What needs to be done —
Look in the data below for the line that has "Charlotte Russe off", then print exactly every line from there through the line that has "03.10.2024 - Köhlbrandbrückenlauf", leaving pictures out.

::::::

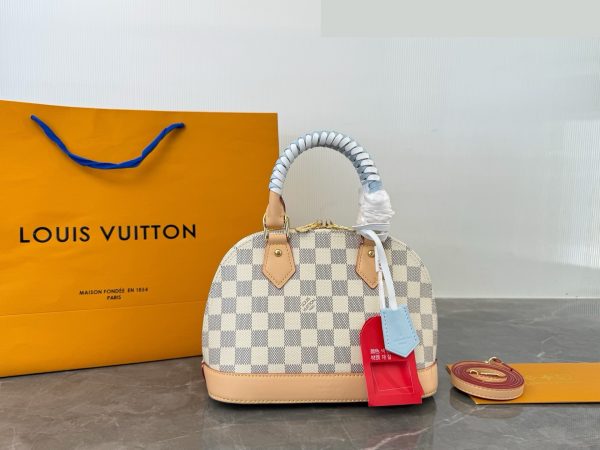 Daily Street Style LV Handbag DLV3 QA
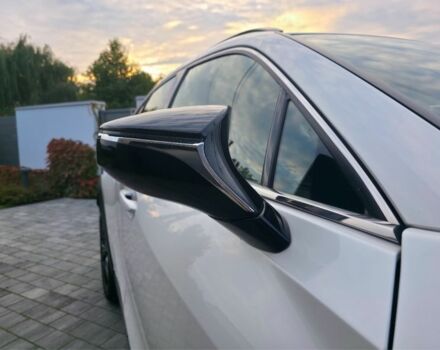 Белый Лексус Другая, объемом двигателя 2 л и пробегом 68 тыс. км за 34800 $, фото 5 на Automoto.ua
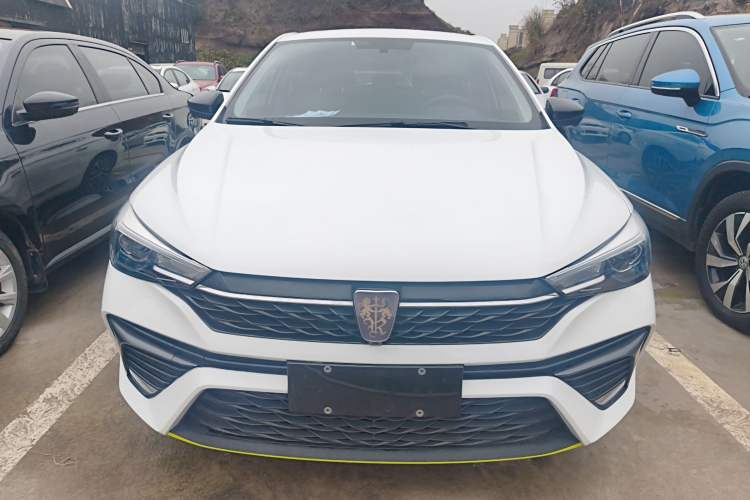 Used Roewe i5 2021 1.5L CVT Diamond Edition
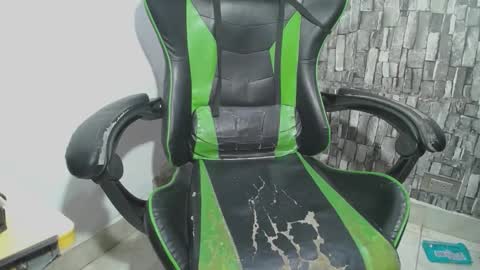 Snapshot of srfindomfeet_ chatting on February 27, 1:38 am sr master cum its my old account online show from February 27, 1:38 am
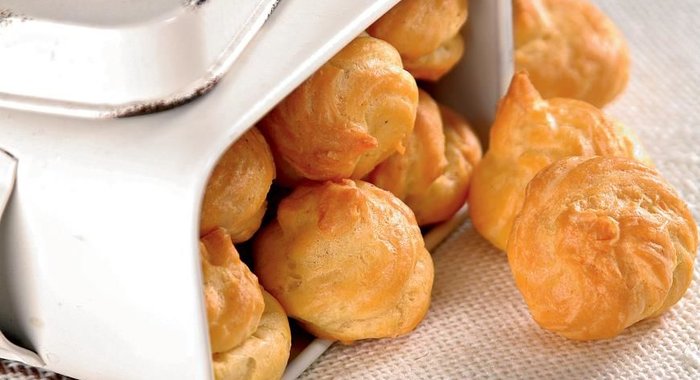 Овсяные оладьи с томатно-перечным соусом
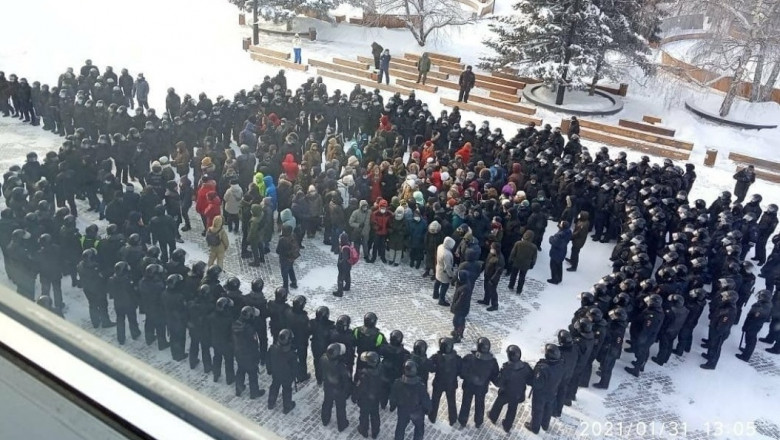 O nouă zi de proteste în Rusia împotriva lui Putin. Poliţia a făcut peste 3000 de arestări. Soţia lui Navalnîi, arestată la Moscova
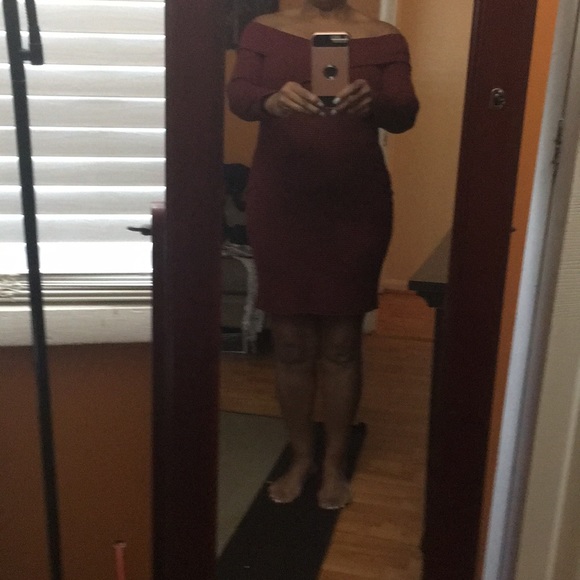 Charlotte Russe off shoulder dress - Picture 6 of 8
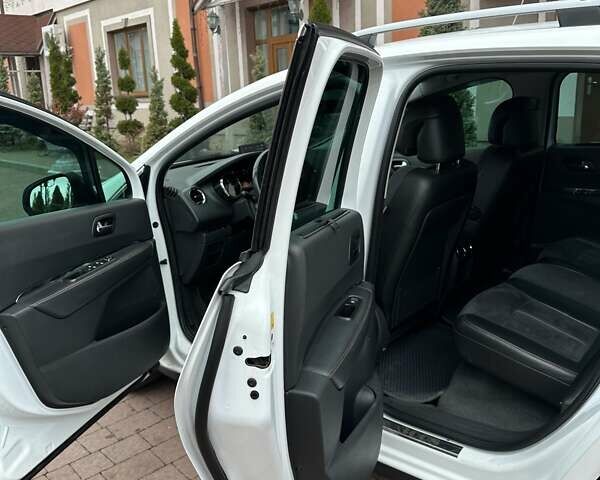 Белый Пежо 3008, объемом двигателя 1.6 л и пробегом 185 тыс. км за 12350 $, фото 53 на Automoto.ua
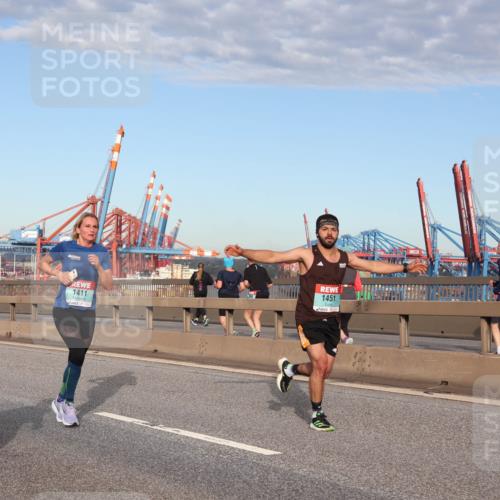 03.10.2024 - Köhlbrandbrückenlauf Matties Gatica Varas http://msf.ph/oto/7218243 03.10.2024 09:40:51 Position 2 1878, 1411, 1451 meine-sportfotos.de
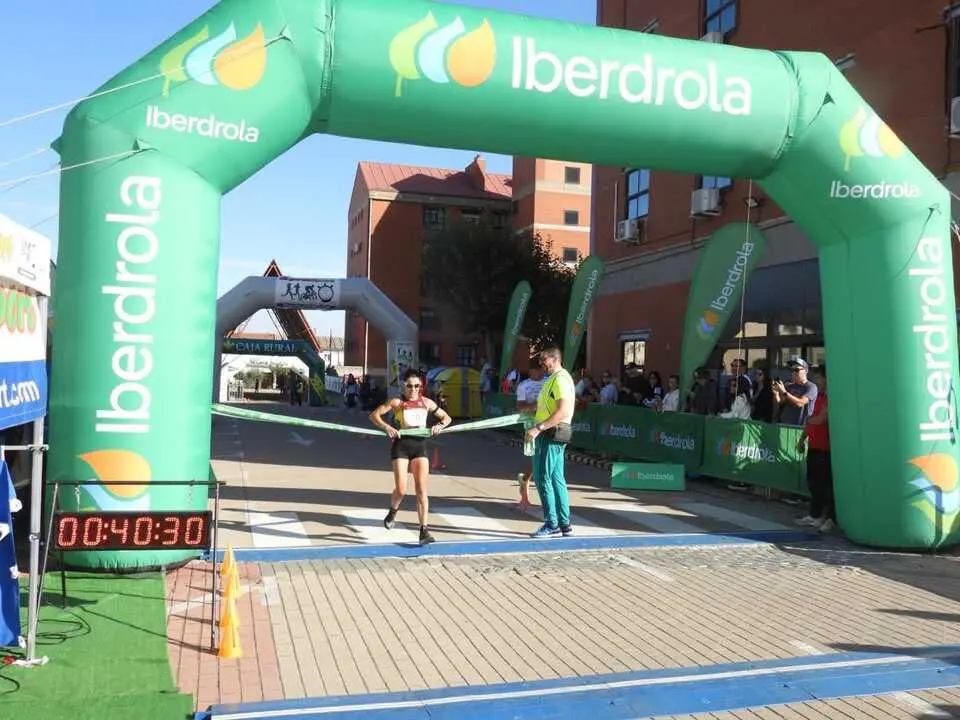 Veronica Sanchez EN EL MOMENTO de entrar en meta carrera de la Guardia Civil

::::::

Response —
 Charlotte Russe off shoulder dress - Picture 6 of 8
 Белый Пежо 3008, объемом двигателя 1.6 л и пробегом 185 тыс. км за 12350 $, фото 53 на Automoto.ua
 03.10.2024 - Köhlbrandbrückenlauf Matties Gatica Varas http://msf.ph/oto/7218243 03.10.2024 09:40:51 Position 2 1878, 1411, 1451 meine-sportfotos.de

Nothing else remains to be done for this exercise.